§ What needs to be done
Repeat word for word the lines starting at the one with "Discover the Meaning of Vast" and ending at the final line of the material, both ends included; omit pictures.
┌──
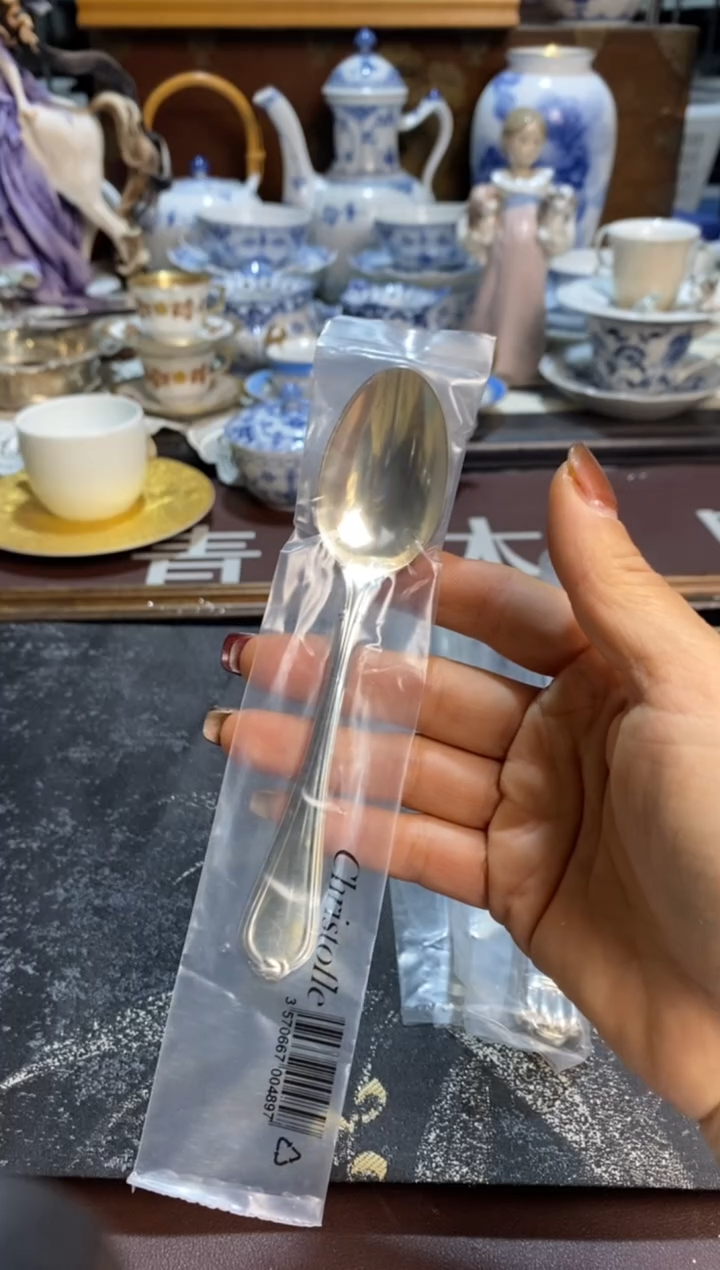 沸***西青木精品回流欧瓷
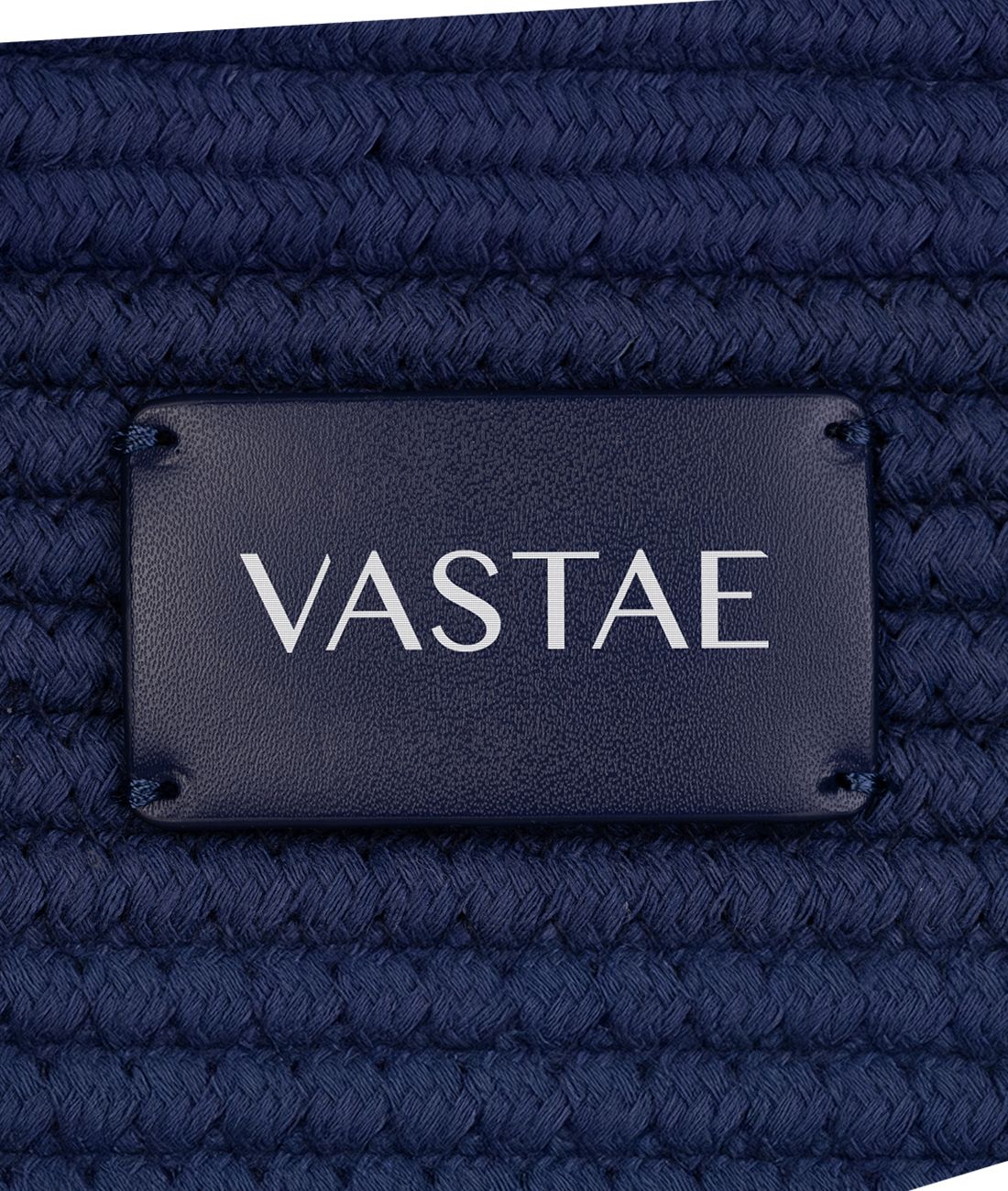 Discover the Meaning of Vast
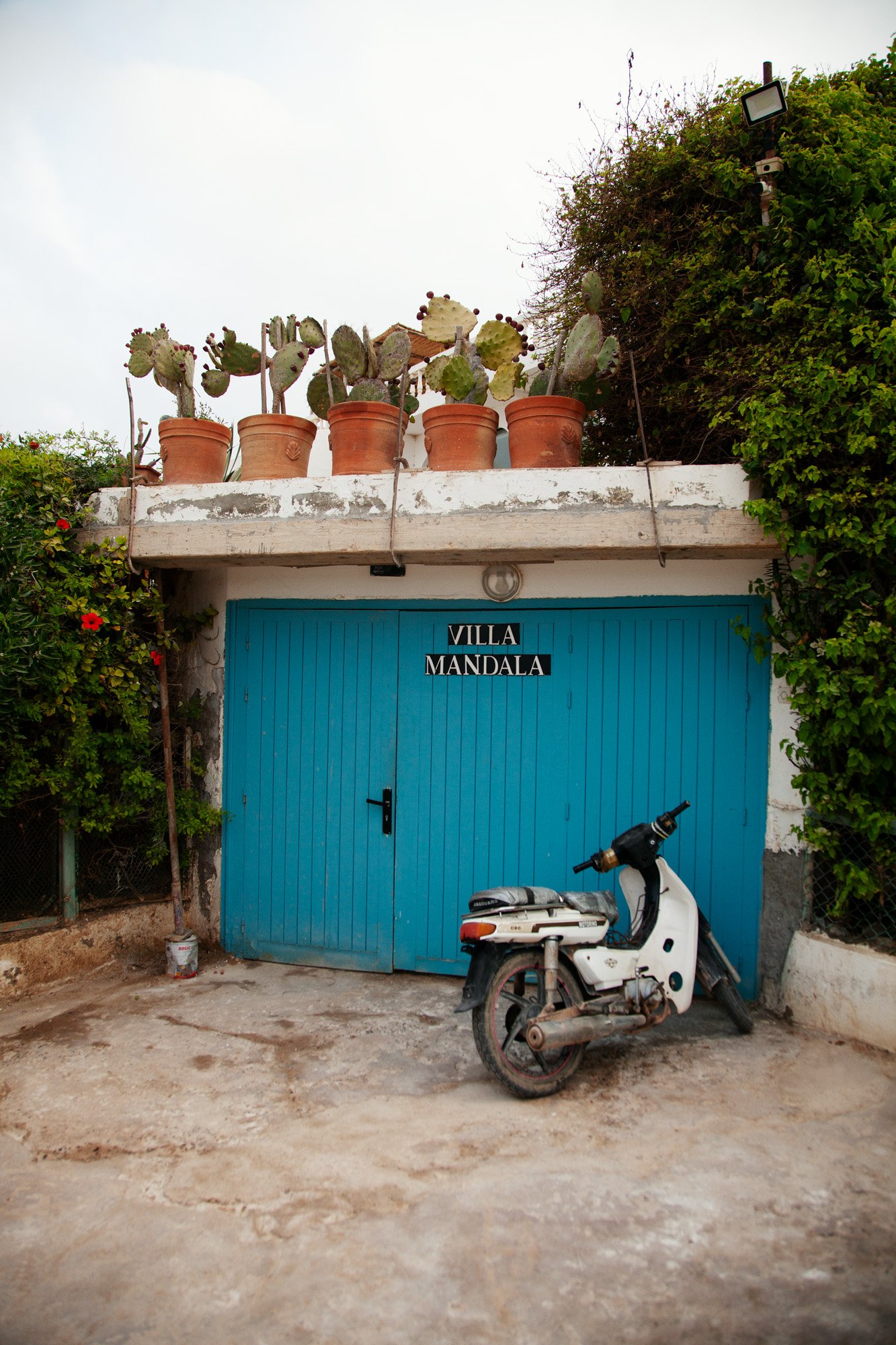 kateweybretphoto__MG_8713_villaMandala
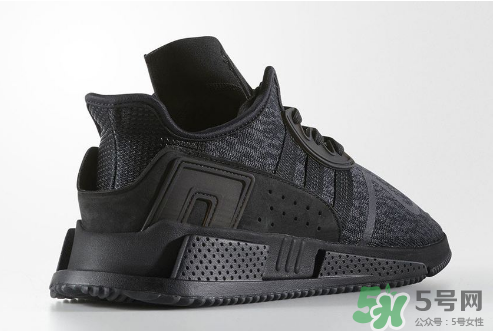 adidas eqt cushion adv什么時(shí)候發(fā)售？阿迪達(dá)斯eqt新款發(fā)售時(shí)間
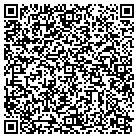 QR code with J A-L U Distributing Co contacts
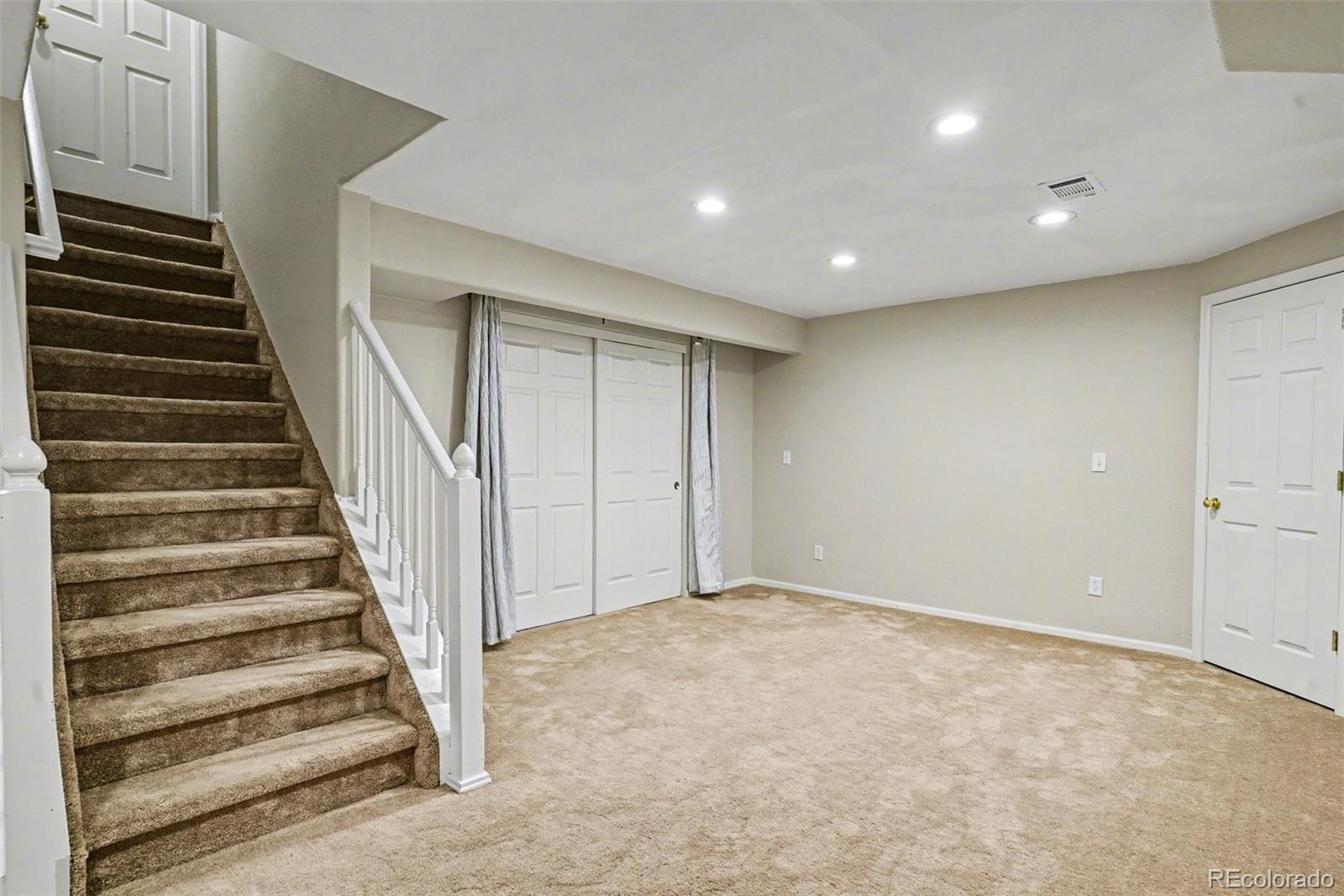 1748 Spring Water Lane Highlands Ranch CO 80129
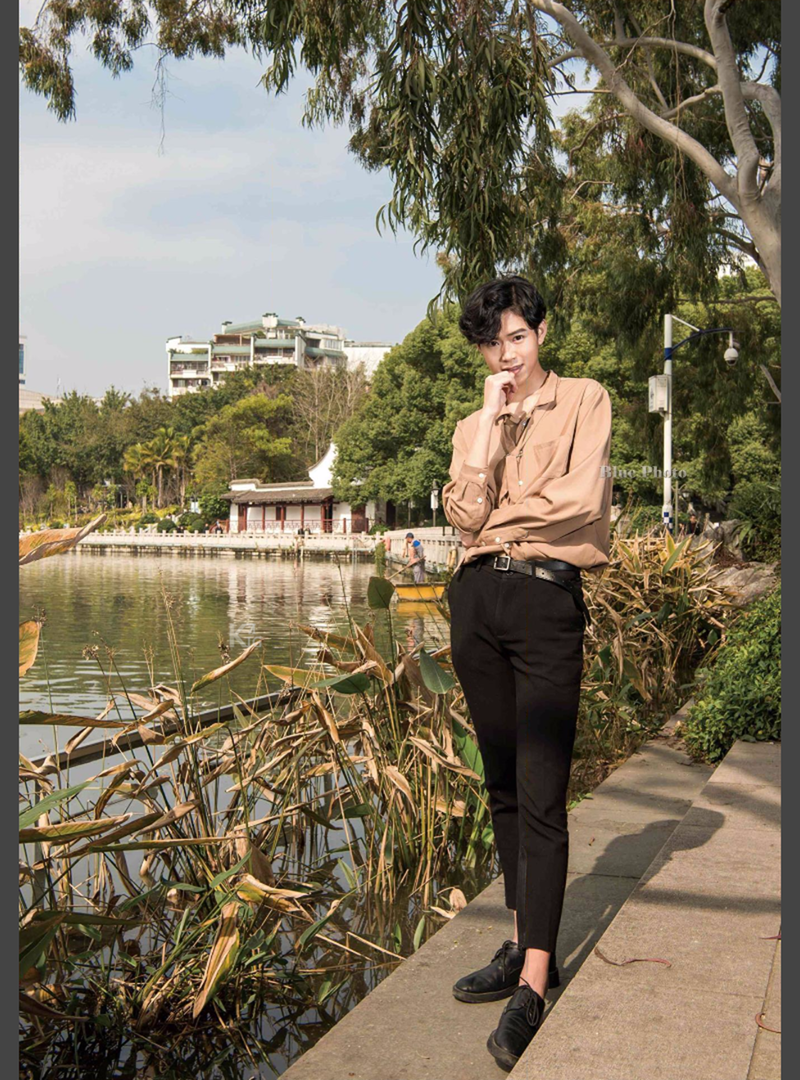 Bluephoto 藍攝 No.19鄰家花美男-書桓-首度挑戰-書桓 (上)-全見版【ebook】31.png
└──
§ Response to the task
 Discover the Meaning of Vast
 kateweybretphoto__MG_8713_villaMandala
 adidas eqt cushion adv什么時(shí)候發(fā)售？阿迪達(dá)斯eqt新款發(fā)售時(shí)間
 QR code with J A-L U Distributing Co contacts
 1748 Spring Water Lane Highlands Ranch CO 80129
 Bluephoto 藍攝 No.19鄰家花美男-書桓-首度挑戰-書桓 (上)-全見版【ebook】31.png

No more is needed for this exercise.